Obwohl "Gemina" in Bezug auf Handlung und Charaktere zwar nicht ganz seinen Vorgänger herankommt, weiß die Fortsetzung zu begeistern, den Blickwinkel noch einmal zu verlagern und am Ende mit unerwarteten Entwicklungen und Verwicklungen zu überraschen. Nachdem ich die Startschwierigkeiten überwunden hatte, hat mich die Geschichte bis zum Ende in Atem gehalten und mich (auch und vor allem dank eines miesen-fiesen Cliffhangers par excellence) verzweifelt nach Band 3 lechzen lassen.
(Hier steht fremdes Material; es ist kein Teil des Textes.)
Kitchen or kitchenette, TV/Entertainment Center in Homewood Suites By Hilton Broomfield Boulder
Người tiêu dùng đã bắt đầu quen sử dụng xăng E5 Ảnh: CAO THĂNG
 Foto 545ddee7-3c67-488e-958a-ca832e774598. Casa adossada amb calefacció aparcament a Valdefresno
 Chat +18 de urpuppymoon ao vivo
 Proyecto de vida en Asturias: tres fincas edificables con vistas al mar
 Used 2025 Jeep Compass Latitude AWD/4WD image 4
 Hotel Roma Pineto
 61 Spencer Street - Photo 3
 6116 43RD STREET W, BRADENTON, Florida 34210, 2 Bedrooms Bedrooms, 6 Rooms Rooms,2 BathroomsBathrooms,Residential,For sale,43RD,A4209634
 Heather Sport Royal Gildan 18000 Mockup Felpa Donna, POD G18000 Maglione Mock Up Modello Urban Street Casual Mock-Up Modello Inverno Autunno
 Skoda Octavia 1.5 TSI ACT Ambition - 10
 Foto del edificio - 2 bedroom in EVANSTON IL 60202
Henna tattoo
Was uns da wohl erwartet? Ich bin unglaublich gespannt darauf!

Mein Fazit
So fulminant und spektakulär wie sein Vorgänger "Illuminae" wirkte "Gemina" auf mich nicht, denn vor allem Handlung und Charaktere fand ich anfangs nicht ganz so ausgeklügelt wie erwartet. Danach aber habe ich mich beim Lesen kopfüber in ein weiteres galaktisches Abenteuer gestürzt, die Visualität des "Romans" unglaublich genossen und wieder einmal den erstaunlichen Einfallsreichtum der beiden Autoren bewundert. Nicht ganz so stark wie der Reihenauftakt, aber dennoch ein würdiger und vor allem spannender und unterhaltsamer zweiter Band.